In [None]:
import pandas as pd
import matplotlib.pyplot as plt

# Introduction to Pandas. Part IV

Contents

- [Applying a function to a pandas Series or DataFrame](#1.-Applying-a-function-to-a-pandas-Series-or-DataFrame)
- [Using groupby](#2.-Using-groupby)
- [Unstacking](#3.-Unstacking)
- [Pivot tables and cross tabulations](#4.-Pivot-tables-and-cross-tabulations)
- [Rolling and resampling](#5.-Rolling-and-resampling)

## 1. Applying a function to a pandas Series or DataFrame

- [The map method](#1.1.-The-map-method)
- [The apply method](#1.2.-The-apply-method)
- [The applymap method](#1.3.-The-applymap-method)

In [None]:
url = "https://raw.githubusercontent.com/um-perez-alvaro/Data-Science-Practice/master/Data/titanic.csv"
titanic = pd.read_csv(url)
titanic.head()

### 1.1. The map method

map is a Series method.

map allows you to map an existing value of a series to a different set of values.

In [None]:
my_map = {'female':1,'male':0}
my_map

In [None]:
# map 'female' to 0 and 'male' to 1
titanic['Sex_num'] = titanic.Sex.map(my_map)

In [None]:
titanic.Sex_num

In [None]:
titanic.loc[0:4,['Sex','Sex_num']]

### 1.2. The apply method

apply is both a Series method and a DataFrame method

- [Apply as a Series method](#1.2.1.-Apply-as-a-Series-method)
- [Apply as a DataFrame method](#1.2.2.-Apply-as-a-DataFrame-method)
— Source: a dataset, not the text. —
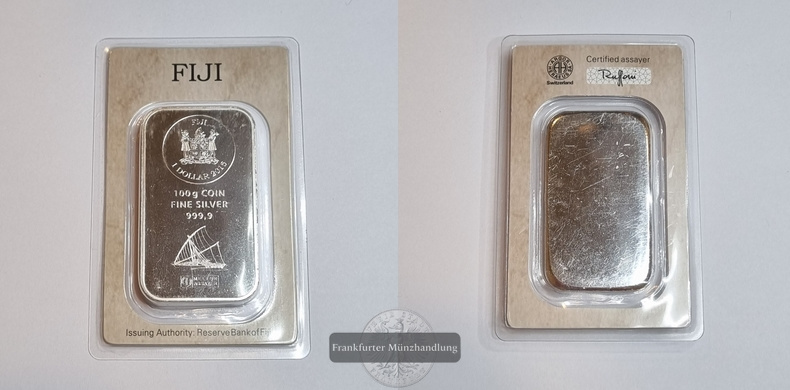  Fiji 2015 1 Dollar Münzbarren 100g  FM-Frankfurt  Feinsilber: 100g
#### 1.2.1. Apply as a Series method

apply applies a function to each element of the Series

**Remark:** **map** can be substituted for **apply** in many cases, but **apply** is more flexible and thus is recommended

**Example 1:** calculate the length of the strings in the 'Name' column

In [None]:
titanic['Name_length'] = titanic.Name.apply(len) # apply Python len function

In [None]:
titanic.loc[0:4,['Name','Name_length']]

In [None]:
titanic.Name.map(len)

**Example 2:** round up each element in the 'Fare' Series to the next integer

In [None]:
import numpy as np
titanic['Fare_ceil'] = titanic.Fare.apply(np.ceil) # apply Numpy ceiling function

In [None]:
titanic.loc[0:4,['Fare','Fare_ceil']]

**Example 3:** Extract the last name of each person into its own column

In [None]:
def get_last_name(x):
    return x.split(',')[0]

In [None]:
titanic['Last_name'] = titanic.Name.apply(get_last_name)

In [None]:
titanic.loc[0:4,['Name','Last_name']]

In [None]:
titanic.Name.map(get_last_name)

In [None]:
# alternatively, use a lambda function
titanic['Last_name'] = titanic.Name.apply(lambda x:x.split(',')[0])

In [None]:
titanic.loc[0:4,['Name','Last_name']]

#### 1.2.2. Apply as a DataFrame method

apply applies a function along either axis of the DataFrame

In [None]:
# read a dataset of alcohol consumption into a DataFrame
url = 'https://raw.githubusercontent.com/um-perez-alvaro/Data-Science-Practice/master/Data/drinks.csv'
drinks = pd.read_csv(url)
drinks.head()

In [None]:
# select a subset of the DataFrame to work with
sub_drinks = drinks.loc[:,'beer_servings':'wine_servings']
sub_drinks.head()

In [None]:
# apply the 'max' function along axis 0 to calculate the maximum value in each column
sub_drinks.apply(max, axis=0) # Python max function along rows

In [None]:
# apply the 'max' function along axis 1 to calculate the maximum value in each row
sub_drinks.apply(max, axis=1) # Python max function along columns

In [None]:
# use 'np.argmax' to calculate which column has the maximum value for each row
sub_drinks.apply(np.argmax,axis=1)

In [None]:
'if you want to know in which column is the maximum'
sub_drinks.apply(np.argmax,axis=1).map({0:'beer_servings',
                                        1:'spirit_servings',
                                        2:'wine_servings'})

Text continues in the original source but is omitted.